東は「乗鞍岳」「穂高岳」西は白山連峰に囲まれた標高600メートルの高冷地です。冬は氷点下15度まで下がり、
毎年1月〜2月にかけて蔵がすっぽり埋まるほど雪に覆われます。降雪により空気は清浄化され、雪に埋もれた酒蔵は、酒造りに好適な室温が保持されます。
この環境のもとで清酒の醪(もろみ)は低温長期の発酵経過をたどり、きめ細やかで香りよい酒を作り上げます。
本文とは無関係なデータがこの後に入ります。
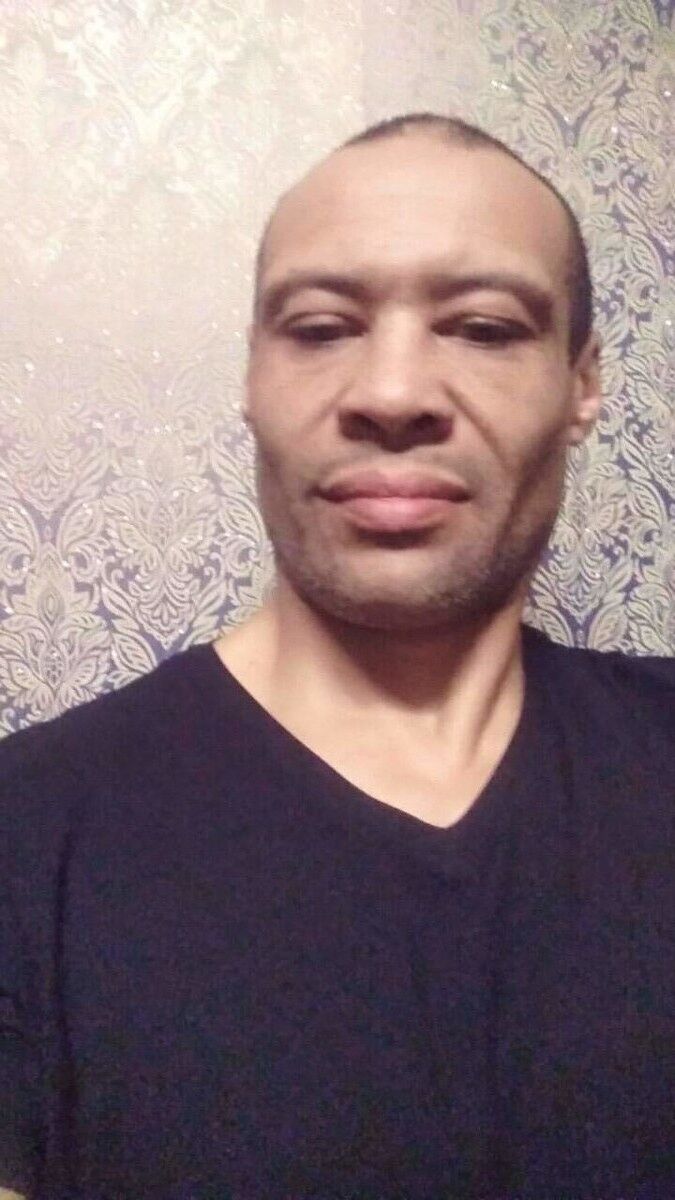 ���� 18149143 ������� ��, 53 ����, ���� ���������� � ������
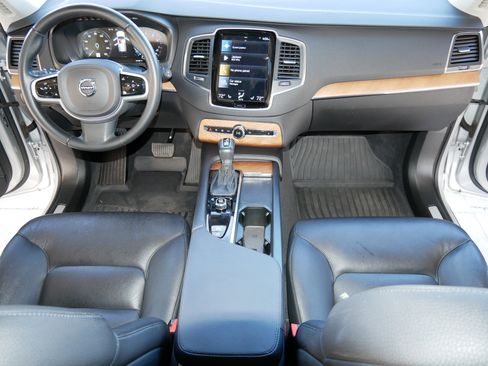 Used 2022 Volvo XC90 T6 Momentum w/ Protection Package image 30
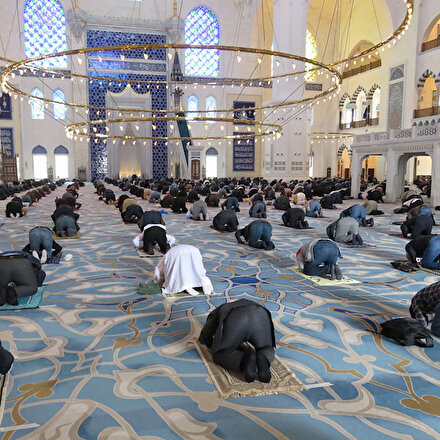 Çamlıca Camiinde sosyal mesafeli Cuma namazı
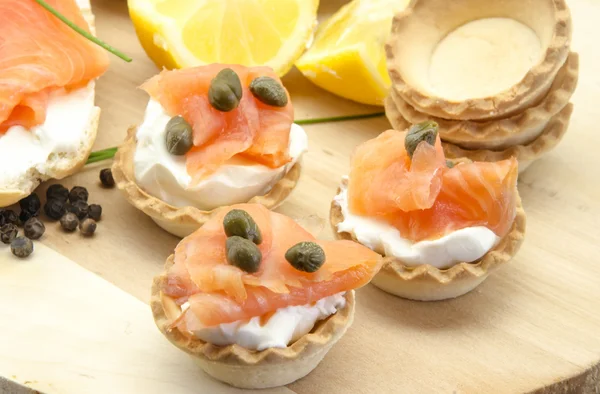 Tartare van gerookte zalm — Stockfoto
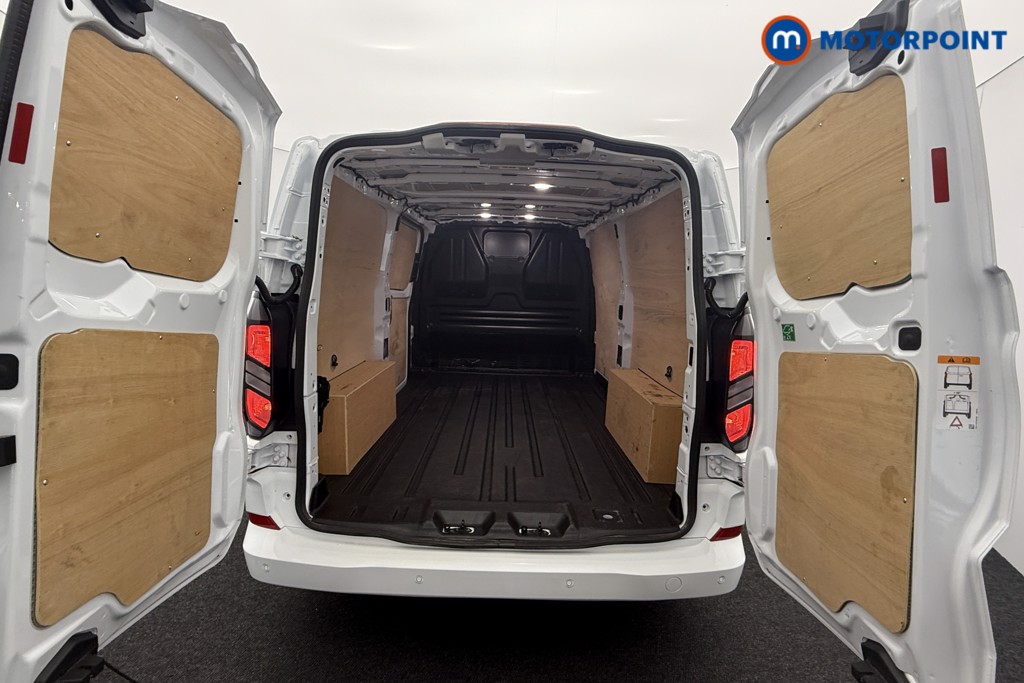 Ford Transit Custom Limited Manual Diesel Panel Van - Stock Number (1570715) - 25th supplementary image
仕込み水に使う水はミネラル豊富な中硬水で飛騨山脈を水源とする荒城川水系伏流水。
敷地内の深さ55メートルの自家井戸から汲み上げて使用しています。
中硬水の仕込み水はミネラル成分(カルシウム・カリウム)が麹や酵母の栄養分となり、まろやかでキレの良い味わいの酒に仕上がります。
飛騨古川の町
『飛騨古川の町並には、みごとなほど、気品と古格がある。観光化されていないだけに、取りつくろわぬ容儀や表情、あるいは人格をさえ感じさせる』と語ったのは作家司馬遼太郎氏(「街道をゆく」)。
NHK連続テレビ小説「さくら」の舞台としても有名です。
出格子の古い商家が並ぶ壱之町は落ち着いたたたずまいを見せ、白壁黒腰の土蔵が続く瀬戸川沿いには今なおしっとりとした情緒が漂います。
渡辺酒造のあゆみ
蔵の前には、司馬遼太郎の「もと摺りの歌」が刻まれたブロンズが建てられ、杜氏たちの労をねぎらいます。藍色の暖簾をくぐると蔵の中は、長年にわたって美酒を醸し続けてきた、
老舗ならではの静謐な時間と濃密な空気が満ちています。
享保17年に渡邉家の初代久右衛門が当地で「荒城屋」と称して業を起こし、三代目久右衛門が両替業を始めると共に生糸を製造して京都に販売し、産を成しました。
渡邉家が酒造りを始めたのは今から150年前、明治3年(1870)5代目久右衛門章でした。生糸の商いで京都に旅した折に口にした酒の旨さが忘れられず、自ら居するこの地に酒蔵を構え、旨い酒をとの一心で酒造りを始めました。
出来あがった酒は至極好評となり、酒を愛でる宴で謡曲を謡いながら、えもいわれぬ、珠玉のしずくに酔ったと記されています。その時、謡われた謡曲「鶴亀」の一節から「蓬莱」を銘柄として選びました。
明治・大正・昭和と、全国の銘醸地を巡り歩き、酒造技術の習得に努め、美酒醸造の努力を惜しまず、品質至上主義を貫き数々の品評会で上位へ入賞。飛騨を訪れる文人墨客に愛飲され、その名は次第に酒通の知るところとなりました。
「飲んで旨い酒を、熟練の蔵人が愚直に醸す、本道の酒造り」
それぞれの酒蔵には追い求めるものがあります。それはどうしても捨てられない「酒蔵の魂」というべきもの。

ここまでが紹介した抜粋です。